1980
What My Daughters Taught Me
April 1980


“What My Daughters Taught Me,” Ensign, Apr. 1980, 72

What My Daughters Taught Me

Parents are supposed to teach their children, right? But one of the best things about parenthood is that your children teach you right back—without even meaning to.

I remember when I was teaching my children how to skate. It was an afternoon of terrible carnage, and the band-aid box was empty halfway through. At last I said, “Let’s put these skates up for a while. Maybe a three-year-old and a four-year-old are just too little for roller skating.”

They protested, even though there were still tears on their cheeks from the last painful spill. “We can’t stop,” Jane, the four-year-old, said.

“Why not?” I asked. “I want you to live to be five. Count the bruises.” There were three on each leg, and a couple of bumps as well.

But still she insisted. “It’s so much fun, Mommy!”

I was surprised. “Fun? What’s fun about hurting yourself?”

But Jane was impatient with a mother who just didn’t understand: “Mommy, it hurts now. But it’s going to be terrific when I get it right!”

I’ve thought of that lesson she taught me dozens of times since then, as struggles and efforts seemed so painful that I wanted to give up. I just tell myself that it’s going to be terrific when I get it right.

Perhaps it’s because little children are only a few short years away from living in the presence of that Being who understands all things; or perhaps it’s because children, unhampered by years of experience, are not in a rut yet—they still see things through fresh eyes. Whatever the reason, my children have often shown a surprising maturity and sometimes as they have unconsciously taught me great lessons, I have been a little abashed that I had not already learned.

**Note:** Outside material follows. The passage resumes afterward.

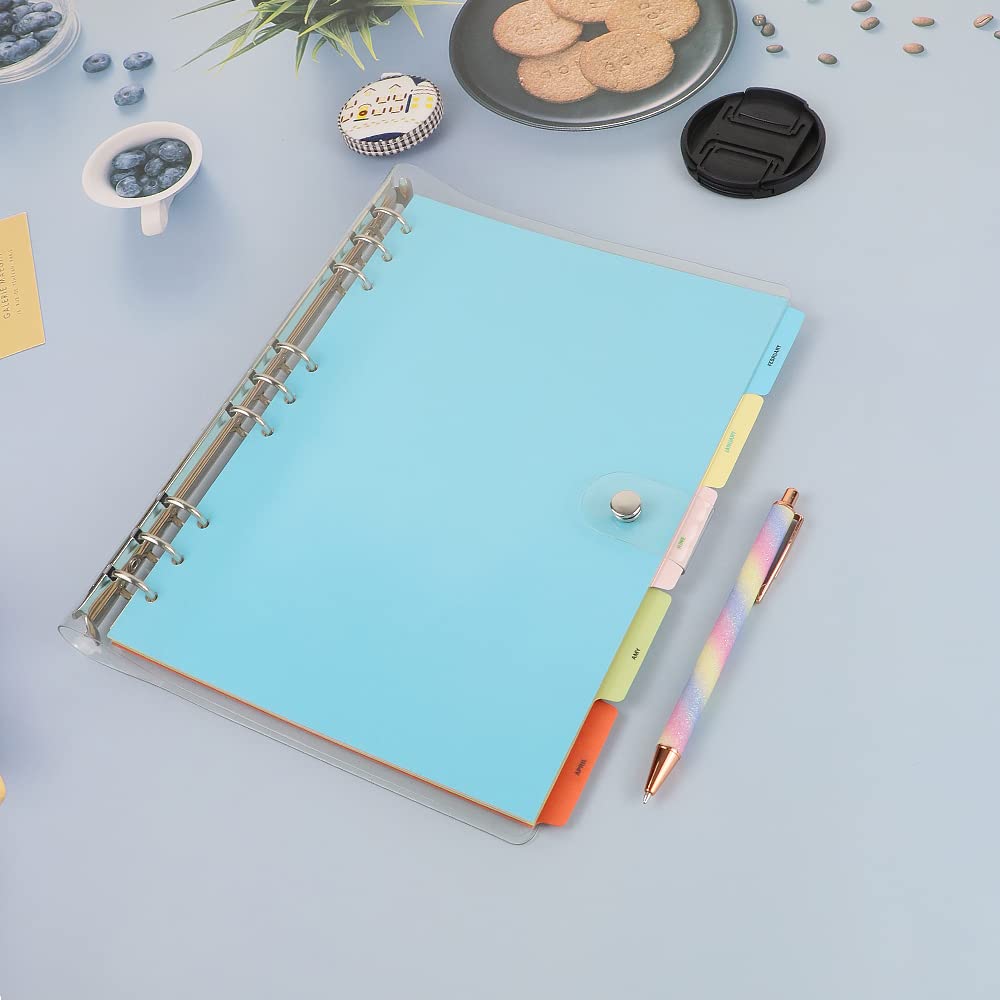 4 Pack B5 Binder Index Dividers - 5 Tabs per Divider, 9 Hole Punched for Round Ring Binders - 20 Total Dividers for School, Office & Home Organization - Perfect for Loose Leaf Binder Sheet Protectors & Planner Inserts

Like the time my husband and I bought four-year-old Shawnie a new winter coat. Our children were already used to getting quite a few hand-me-downs from relatives and friends—it seemed so pointless to buy new clothes that would no longer fit in a matter of months. But Shawnie needed a coat immediately, and so we bought one for her.

It was a beautiful coat, and I liked to look at her in it as she trotted off to play. And then one day I saw Shawnie’s coat on a little neighbor girl—and Shawnie began wearing a hand-me-down received from a neighbor shortly after we had bought the new one. I was a little surprised. I was even more surprised, though, when the neighbor girl still had Shawnie’s coat the next day.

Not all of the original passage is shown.